The Real Reason Your Company's AI Project Is Failing (Hint: It's Not the AI)
Key Insights
- •The "tourist problem" is killing AI products: 60% of companies have integrated generative AI, but most see initial hype followed by high churn because they haven't redesigned workflows or provided meaningful onboarding
- •Traditional product segmentation fails for AI—you need to segment by attitude (embracers vs. skeptics) and use longitudinal testing over weeks instead of days to measure real behavior change
- •Proprietary data and superior interfaces are becoming the only defensible moats as AI models commoditize into open-source and edge-run solutions
We've spent the last two years obsessing over which AI model is best, but here's the uncomfortable truth: the technology isn't the problem.
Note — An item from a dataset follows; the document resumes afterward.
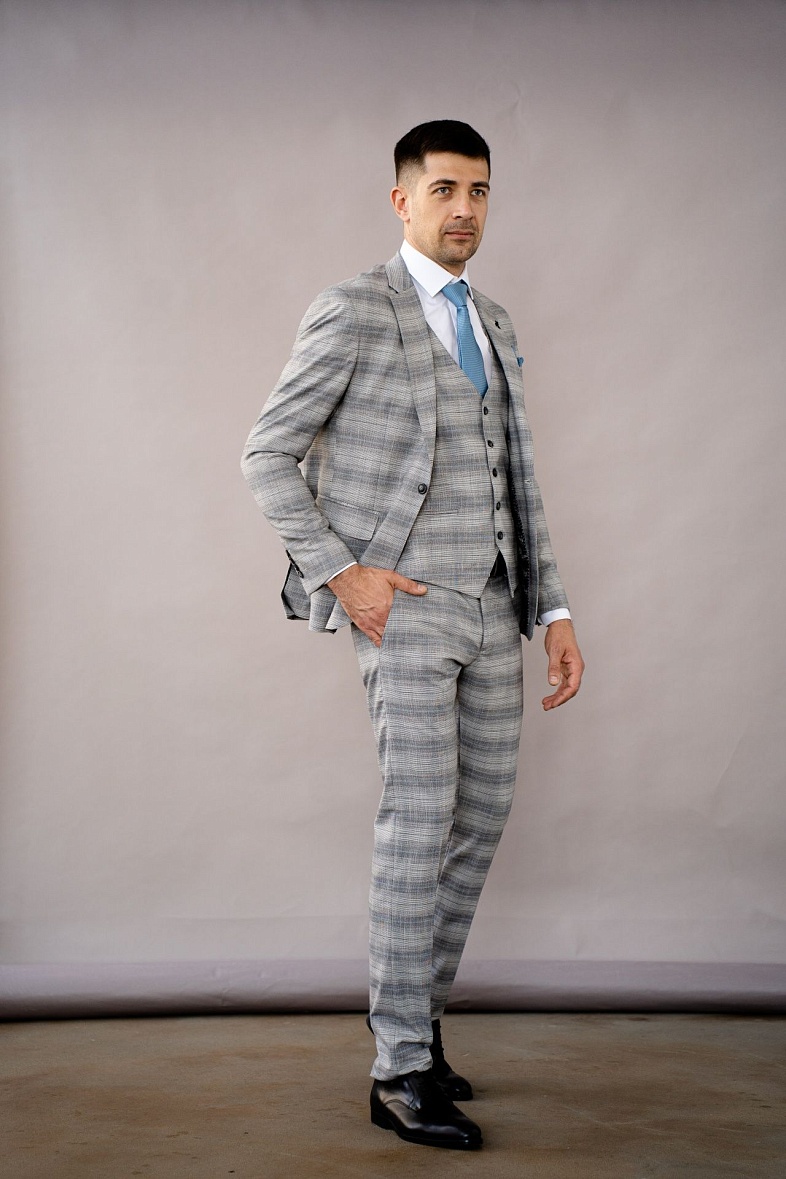 Костюм мужской   серый в клетку MCR 45205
Humans are. Companies are throwing money at AI initiatives only to watch them fizzle out because nobody actually changes how they work. Employees get vague mandates like "use AI more," procurement teams create bottlenecks, and the few people who do try these tools quickly abandon them—the industry calls this the "tourist problem." 60% of companies have already baked AI into their products, but most are watching users check it out once and never come back.
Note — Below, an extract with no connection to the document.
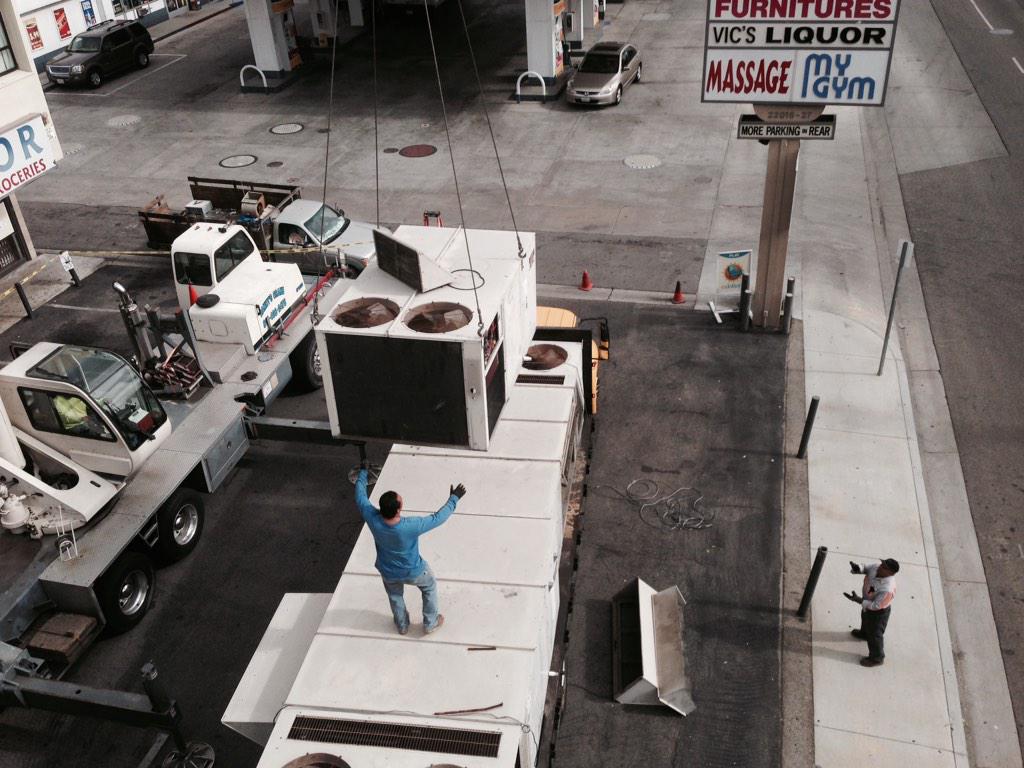 latempcontrol's tweet image. Out with the old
The article makes a counterintuitive case: stop treating AI like a normal product launch. The usual playbook—segment by job function, run quick A/B tests, let users self-serve—doesn't work when half your audience is skeptical that AI can even do the job. Instead, successful teams are doing longitudinal testing over weeks (not days), segmenting users by their attitude toward AI rather than their role, and using high-touch onboarding to convert doubters. The companies winning this race aren't the ones with the fanciest models—they're the ones who've figured out that proprietary data and redesigned workflows matter more than raw compute power.
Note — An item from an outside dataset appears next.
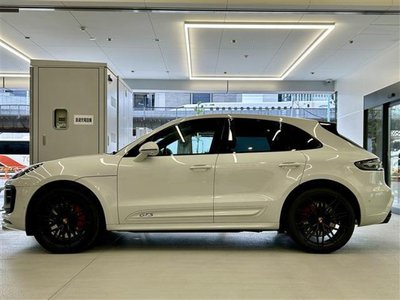 PORSCHE MACAN - 2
What makes this especially relevant is the tactical advice from actual practitioners. This isn't theoretical hand-wraving about "change management"—it's specific guidance on tracking leading indicators (are people using it?) versus lagging indicators (is it actually helping business results?) and connecting AI adoption to tangible career impact. If your company is struggling to make AI stick, this explains why everyone's excited for a week and then ghosts your shiny new tool.